“No.” Wolfe was blunt. “With the plan known to so many, I should have taken precautions to safeguard Mr Jacobs from harm. But you have shifted your ground. My default does not relieve this body of its responsibility. If you wish to dismiss me for incompetence I offer no objection, but then, to honour your obligation, you’ll have to hire somebody else. Mr Tabb. You invited my comments and I have made them.” He stood up. “If that’s all-”
“Wait a minute.” Tabb’s eyes moved. “Do you want to ask Mr Wolfe any questions?”
“I have one,” a man said. “Mr Wolfe, you heard Mr Sachs’s suggestion, that we write you a letter saying that you are to investigate the plagiarism claims and nothing else. Would you accept such a letter?”
“Certainly. If I get the swindler, which will satisfy you, I’ll also get the murderer, which will satisfy me.”
“Then I make a motion. I move that we instruct the chairman of the committee to ask Mr Sachs to draft the letter, and sign it and send it to Nero Wolfe, and tell him to go ahead with the investigation.”
Two of them, a man and a woman, seconded it.
“You understand,” Harvey said, “that I couldn’t obey those instructions. If the motion passes you’ll have to get a new chairman.”
“Mortimer Oshin,” someone said.
“That will come after we act on the motion,” Tabb said. “Or it won’t. Before we discuss it, have you any more questions for Mr Wolfe?”
“I’d like to ask him,” a woman said, “if he knows who the murderer is.”
Wolfe, on his feet, grunted. “If I did I wouldn’t be here.”

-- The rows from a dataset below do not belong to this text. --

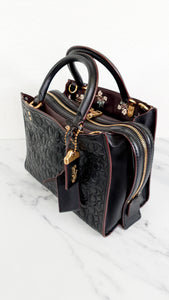 Coach Rogue 25 in Black Signature Embossed Leather with Burgundy Floral Bow Leather Lining - Coach 26839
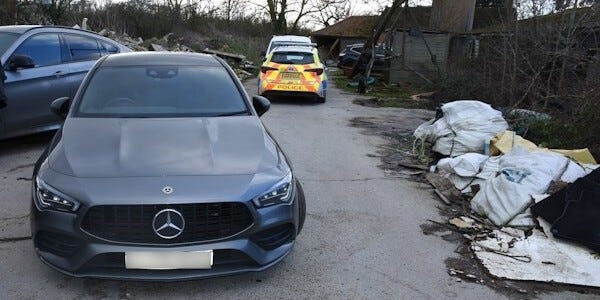 Mercedes car with others in background including a police car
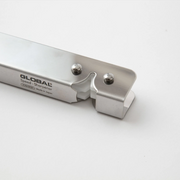 A detailed shot of the Global knife sharpener's ceramic wheels and stainless steel body.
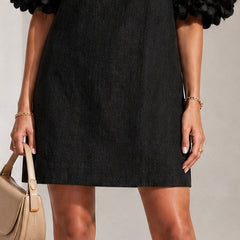 Black midi dress with sheer puff sleeves and rosette cuff embellishments, sleeved bodice.
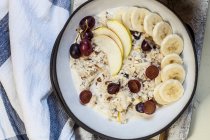 Muesli bowl with bananas, apples, grapes, with coffee — Stock Photo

“Any further questions?” Tabb asked. Apparently not. “Then discussion of the motion.”
“You don’t need us for that,” Wolfe said. “I appreciate the courtesy of your invitation to be present, and if my opening remark gave you the impression that I accepted it solely to prevent you from forsaking a responsibility I wish to correct it. I also wish to earn a fee. Come, Archie.”
He wheeled and headed for the door, and I circled around him to open it, detouring to get his hat and cane from a chair.